An anecdote about ML type inference

            Andrew Koenig (ark@research.att.com)
                   AT&T Bell Laboratories
               Murray Hill, New Jersey  07974

Introduction

ML strongly supports functional programming; its programmers
tend to avoid operations with side effects.  Thus, for
example, instead of mutable arrays, ML programmers usually
use lists.  These lists behave much like those in Lisp, with
the added requirement that all elements have the same type.1
ML lists are not themselves mutable, although the individual
elements can be of a (uniform) mutable type.  In Lisp terms,
ML lists can optionally support RPLACA but not REPLACD.
Although it is possible to define a type in ML that would
support REPLACD as well, ML programmers usually don't do
this unless they need it.

The Lisp functions CAR and CDR have ML equivalents called hd
and tl and ML represents the Lisp CONS function by a right-
associative infix operator :: (pronounced ``cons'').

While learning ML, I thought it would be a nice exercise to
try to write a sort function.  Although Standard ML does not
define arrays, the implementation I was using (Standard ML
of New Jersey) did have them.  Nevertheless, I felt it would
be a more useful exercise to try to write a purely
functional sort program: one that operated on lists, rather
than arrays, and had no side effects at all.

Strategy

How does such a function behave?  It must evidently take a
list as argument and return a sorted list as its result.
Moreover, since we don't know the type of the list elements,
we had better give the function a second argument, namely a
function to use for comparisons.

The desired function, then, should have a type2 of


__________

 1. This restriction is typically not much of an impediment,
    because any set of specific types can be bundled into a
    single type called a datatype.  ML datatypes are
    somewhat like a semantically safe version of C unions.

 2. Experienced ML programmers will note here that sort is
    actually a curried function, so as to allow partial
    application.  For instance, it is nice to be able to
    treat sort (op < : int*int->bool) as a single function



                           - 2 -



     ('a * 'a -> bool) -> 'a list -> 'a list

where 'a represents any type, as usual, so that

     sort (op <) [3,1,4,1,5,9]

would yield

     [1,1,3,4,5,9]

Such a function will be structured something like this:

     fun sort less x =
         let (* local function definitions go here *)
          in (* some expression *)
         end

so as to make the comparison function less and the argument
x available to the local functions without further
formality.  To make these local functions easier to write,
we can therefore start by temporarily defining an
appropriate comparison function for integers:

     fun less(x: int, y) = x < y

or, more directly:

     val less: int * int -> bool = op <

In either case, we can now use less as an integer comparison
function while writing the inner functions that will make up
our sort; when we're ready to combine them, the name less
will then smoothly refer to the one that was passed as an
argument to sort rather than the one we just defined.

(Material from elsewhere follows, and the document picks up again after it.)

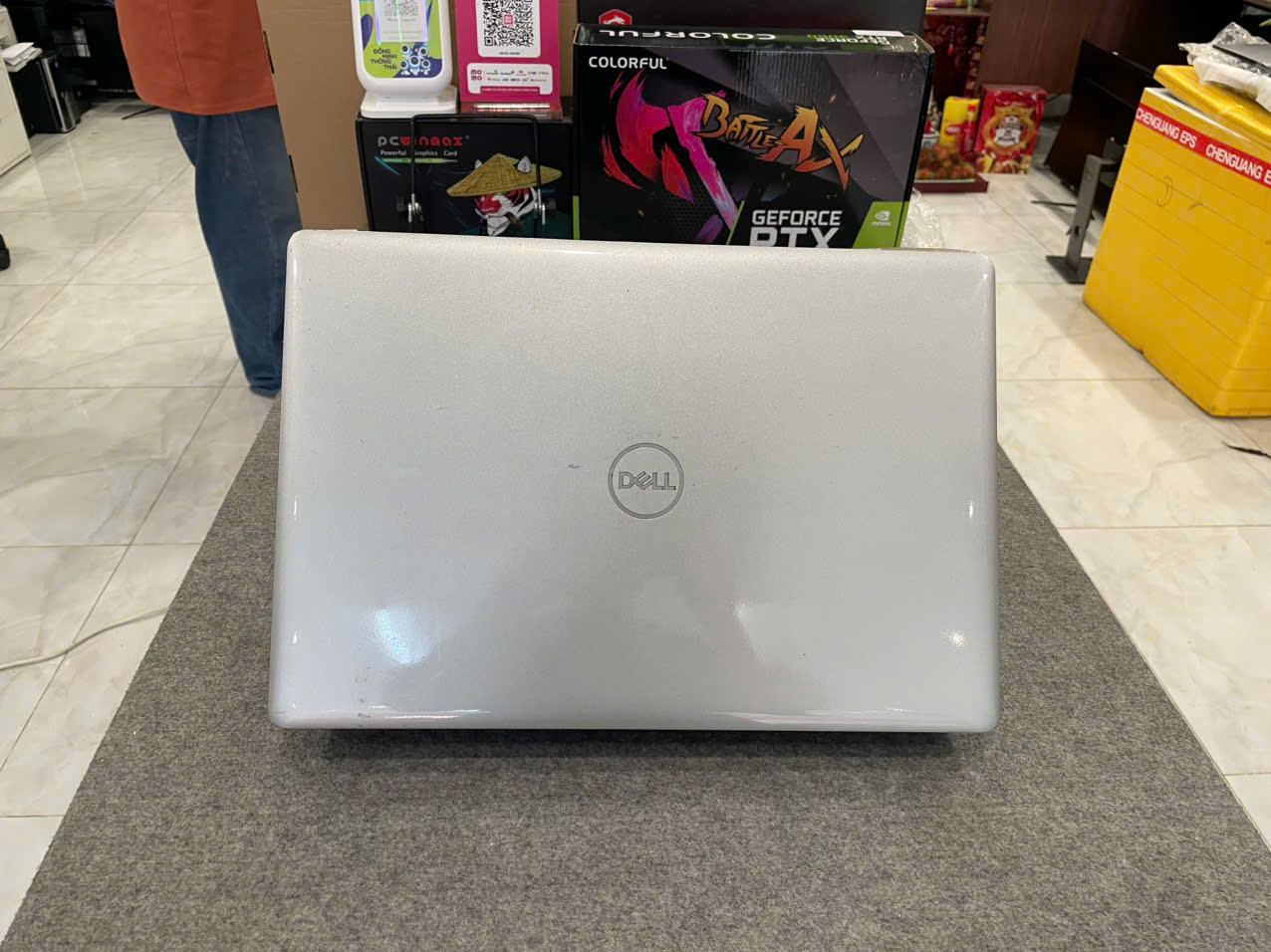 Laptop Dell Inspiron 3593 - 15.6" FHD / I5-1035G1 / MX 130 2G / 12G / 256GB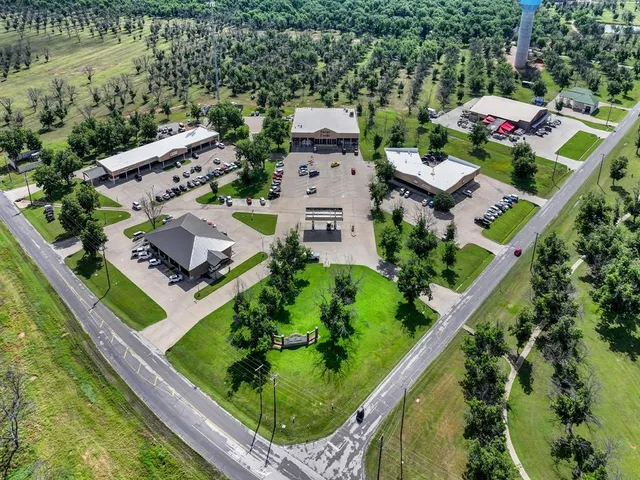 $220,000 | 6114 Bonanza Drive, Granbury, TX 76049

How does one sort a list?  The strategy that presented
itself was a recursive merge sort: split the list into two
pieces, sort the halves, then merge the sorted halves.  That
suggests that sort should have two local functions called
split and merge.  With that in mind, I decided to try
writing the inner functions.



____________________________________________________________

    without having to supply a list to sort at the same
    time.




                           - 3 -



Tactics

I did not immediately see a good way to split a list, so I
began by writing merge.  The merge function takes two
arguments, each of which is a sorted list.  If either of the
arguments is empty, the result is the other.  Otherwise, we
compare the initial elements of the two lists; the result is
the smaller of the two followed by the merge of what's left.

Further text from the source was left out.